§ **What you will do**
Reproduce the entries shown below only from the line with "Renault Megane muito bem conservado." down to the line with "Niebieska sukienka maxi", keeping both end lines and copying each one exactly.

____

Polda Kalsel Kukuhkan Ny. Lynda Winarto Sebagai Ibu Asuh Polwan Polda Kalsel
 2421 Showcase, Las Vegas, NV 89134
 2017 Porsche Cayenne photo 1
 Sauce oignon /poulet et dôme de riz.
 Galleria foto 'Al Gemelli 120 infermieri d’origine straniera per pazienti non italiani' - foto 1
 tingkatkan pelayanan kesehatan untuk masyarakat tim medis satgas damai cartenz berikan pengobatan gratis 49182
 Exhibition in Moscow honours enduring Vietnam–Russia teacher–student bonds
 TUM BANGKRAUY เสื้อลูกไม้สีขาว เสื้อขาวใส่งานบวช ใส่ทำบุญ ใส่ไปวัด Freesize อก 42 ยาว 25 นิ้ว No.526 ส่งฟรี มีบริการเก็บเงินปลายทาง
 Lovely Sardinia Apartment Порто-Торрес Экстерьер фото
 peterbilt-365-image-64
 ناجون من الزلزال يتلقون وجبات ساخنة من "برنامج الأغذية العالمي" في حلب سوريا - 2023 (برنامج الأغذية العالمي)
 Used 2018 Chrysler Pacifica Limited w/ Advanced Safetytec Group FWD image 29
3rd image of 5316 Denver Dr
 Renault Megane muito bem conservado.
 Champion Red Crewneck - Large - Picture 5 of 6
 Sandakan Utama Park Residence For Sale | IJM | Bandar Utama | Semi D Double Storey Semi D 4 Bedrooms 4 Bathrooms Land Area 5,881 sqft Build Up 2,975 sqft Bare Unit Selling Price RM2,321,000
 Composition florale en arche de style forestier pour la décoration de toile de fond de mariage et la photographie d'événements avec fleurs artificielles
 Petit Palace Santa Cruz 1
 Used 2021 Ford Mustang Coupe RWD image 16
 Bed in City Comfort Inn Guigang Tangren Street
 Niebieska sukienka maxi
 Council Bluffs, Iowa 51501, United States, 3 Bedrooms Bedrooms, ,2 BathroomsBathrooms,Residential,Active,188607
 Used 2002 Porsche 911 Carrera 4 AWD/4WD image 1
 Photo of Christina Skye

____

§ **Exercise response**
 Renault Megane muito bem conservado.
 Champion Red Crewneck - Large - Picture 5 of 6
 Sandakan Utama Park Residence For Sale | IJM | Bandar Utama | Semi D Double Storey Semi D 4 Bedrooms 4 Bathrooms Land Area 5,881 sqft Build Up 2,975 sqft Bare Unit Selling Price RM2,321,000
 Composition florale en arche de style forestier pour la décoration de toile de fond de mariage et la photographie d'événements avec fleurs artificielles
 Petit Palace Santa Cruz 1
 Used 2021 Ford Mustang Coupe RWD image 16
 Bed in City Comfort Inn Guigang Tangren Street
 Niebieska sukienka maxi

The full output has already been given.